The F-106A is 70 feet, 8¾ inches (21.558 meters) long with a wingspan of 38 feet, 4 inches (11.684 meters). The top of the vertical fin was 20 feet, 3¼ inches (6.179 meters) high. The Delta Dart weighs 24,646 pounds (11,179 kilograms) empty, 35,500 pounds (16,103 kilograms) gross, andhas a maximum takeoff weight (MTOW) of 41,831 pounds (18,974 kilograms).

Convair F-106A Delta Dart 58-0787 sits in a snow-covered Montana farm field, February 1970. (U.S. Air Force)

The F-106 was powered by a Pratt & Whitney J75-P-17 afterburning turbojet engine. The J75-P-17 was a two-spool axial-flow turbojet engine with afterburner. It used a 15-stage compressor section (8 high- and 7 low-pressure stages) and a 3-stage turbine section (1 high- and 2-low pressure stages. The J75-P-17 was rated at 16,100 pounds of thrust (71.62 kilonewtons) 24,500 pounds (108.98 kilonewtons) with afterburner. The engine was 3 feet, 7.0 inches (1.092 meters) in diameter, and weighed 5,875 pounds (2,665 kilograms)

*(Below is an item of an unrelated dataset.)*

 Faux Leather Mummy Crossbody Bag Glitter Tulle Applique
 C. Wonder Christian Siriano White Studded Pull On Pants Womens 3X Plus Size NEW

The interceptor has a cruise speed of 650 miles per hour (1,046 kilometers per hour). Major Joseph Rogers demonstrated the maximum speed of Mach 2.31 (1,525 miles per hour/2,454 kilometers per hour) at 40,000 feet (12,192 meters) during his record-breaking run.¹ The F-106A had a service ceiling is 57,000 feet (17,374 meters) and a rate of climb of 29,000 feet per minute (150 meters per second). It had a combat radius of 575 miles (925 kilometers) and a maximum range of 1,809 miles (2,911 kilometers).

A Convair F-106A Delta Dart launches a Genie air-to-air rocket. (U.S. Air Force)
A Convair F-106A-135-CO Delta Dart, 59-0146, of the 194th Fighter Interceptor Squadron, California Air National Guard, launches an AIM-2 Genie air-to-air rocket. (U.S. Air Force)

The Delta Dart was armed with four AIM-4 Falcon air-to-air guided missiles and one AIM-2A Genie unguided rocket with a 1.5 kiloton W25 nuclear warhead. In 1972, the General Electric M61 Vulcan 20mm cannon was added.

Convair built 342 F-106 interceptors. 277 were F-106As and the remainder were F-106B two-seat trainers.

Convair F-106A-100-CO Delta Dart 58-0787 in the collection of the National Museum of the United States Air Force, Wright-Patterson AFB, Ohio. (U.S. Air Force)
Convair F-106A-100-CO Delta Dart 58-0787 in the collection of the National Museum of the United States Air Force, Wright-Patterson AFB, Ohio. (U.S. Air Force)

¹ FAI Record File Number 9064, 15 December 1959: Mach 2.3 (1,525.924 miles per hour/2,455.736 kilometers per hour).